LOS ANGELES -- At first I didn't see the hand sticking out from under the table. All I saw was Tajh Boyd in his New York Jets uniform bent over with one of our microphones pointed at the ground. Then I noticed the pale limb jutting out from under the table skirt where, minutes before, three rookies from the Cleveland Browns sat signing football cards and other memorabilia as part of the NFLPA Rookie Premiere.
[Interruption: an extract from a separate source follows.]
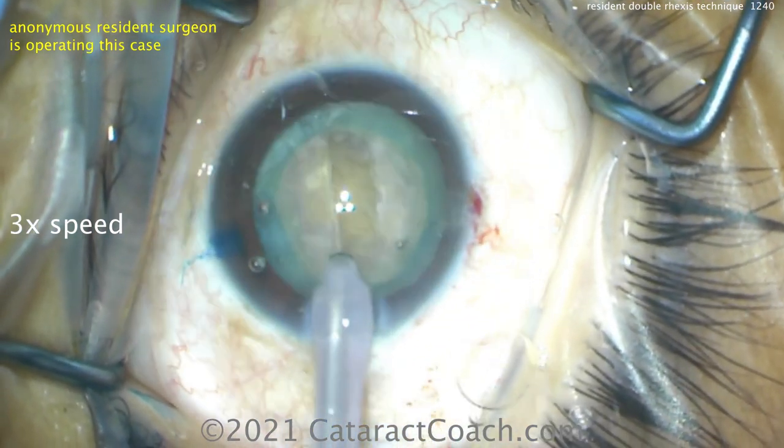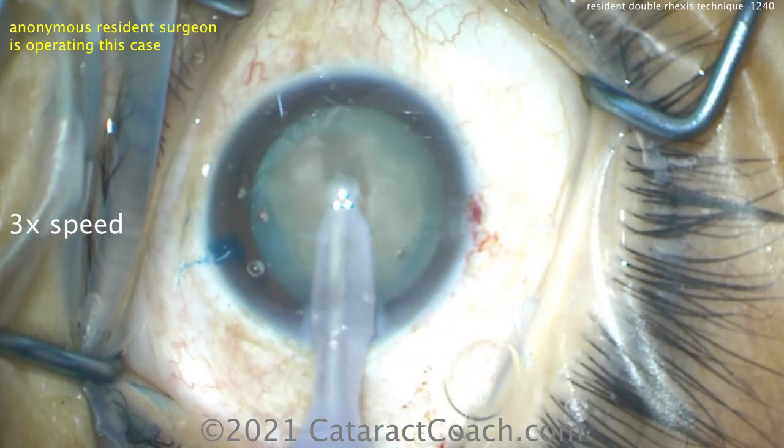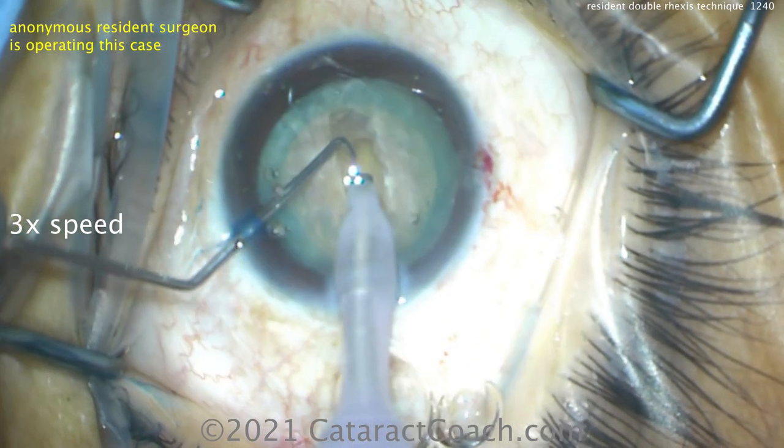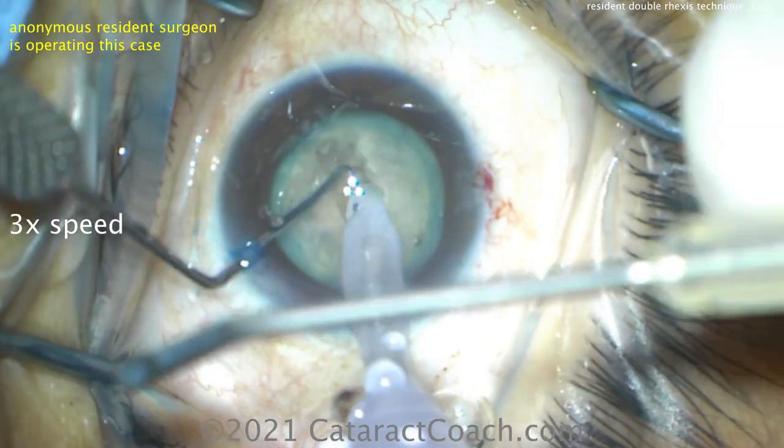Nice grooving there, nice central grooving made. Notice how the angle's correct. Remember, the cataract's like an M&M candy — thicker in the middle, thinner in the periphery. Let's see the split.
I asked because I needed confirmation.
"Who do you think?" was the reply I got.
I probably should've known.
Boyd is literally talking to Manziel's hand https://t.co/Py3LfYo83S— ryan van bibber (@justRVB) May 31, 2014
All Saturday morning, Johnny Manziel did his best to hide from everyone on the field at the Los Angeles Memorial Coliseum. We saw him around 8:00 a.m. for the group photo. He then ducked back into the locker room while the rest of the 42 rookies went about the rotations, having their pictures taken for sports cards and signing things for the handful of partners participating in the 20th anniversary of the union's rookie retreat.
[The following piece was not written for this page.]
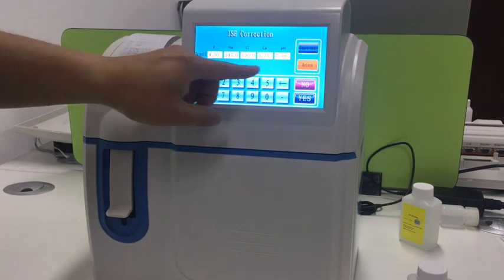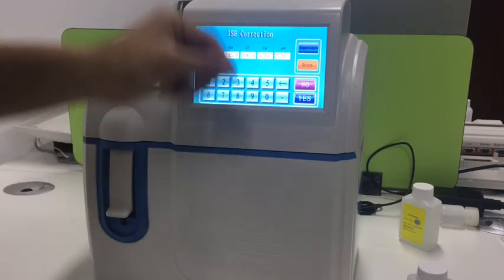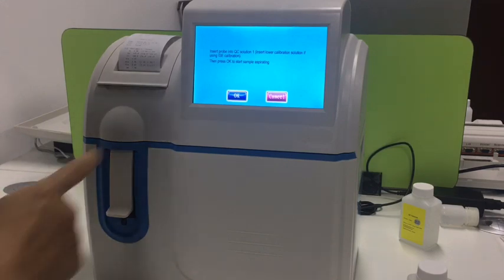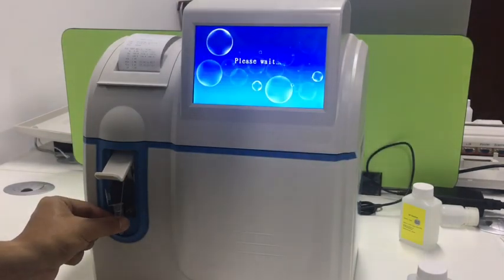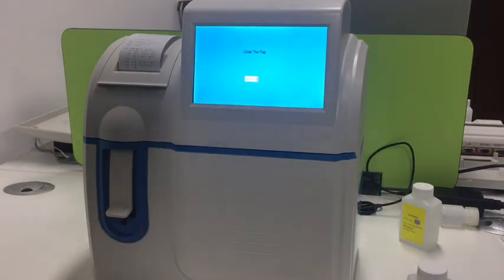These are the values I already imported. Now we press test. When we get the prompt message, we feed the QC solution to the sample probe, then press OK and close the plug.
He looked to be carrying a considerable burden from the night before. That was our first interaction with Manziel for the weekend. It was my first encounter with Mr. Football, period.
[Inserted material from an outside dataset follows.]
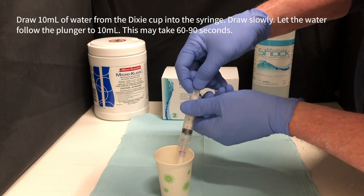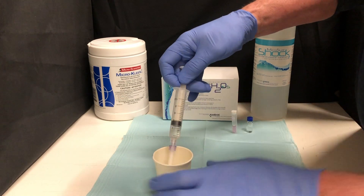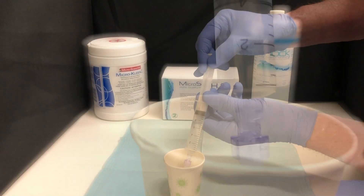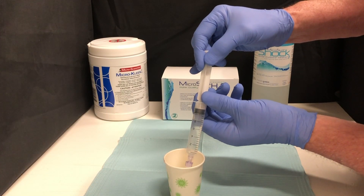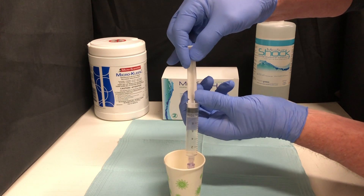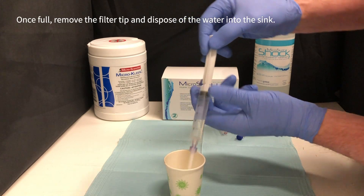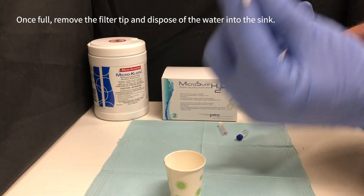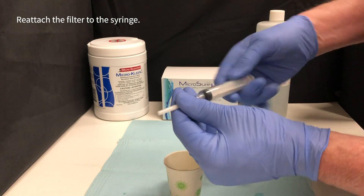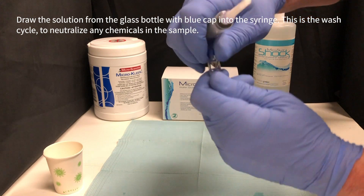Let the water follow the plunger to 10 milliliters — this may take 60 to 90 seconds. Once full, remove the filter tip and dispose of the water into the sink. Reattach the filter to the syringe.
Prior to that, Johnny Manziel, for me, was just another quarterback represented by semi-anonymous scouting reports and a lightning rod for hot takes. His talent was undeniable, but those of us on the NFL side of the world wondered how his unorthodox style of play would translate to a sport where orthodoxy is valued even at the expense of success. I never did quite understand what made him a target for the Ron Jaworskis and Skip Baylesses of the world.
I still don't know the specifics of what made Manziel public enemy No. 1 to the old timers in the media. I just figured that it was the business model, the conventional way to keep a bankable star in the news. It probably was, and still is, to a large extent. But I suspect, based on my own experience, that there's something else at play when it comes to Johnny Football and his relationship with the media.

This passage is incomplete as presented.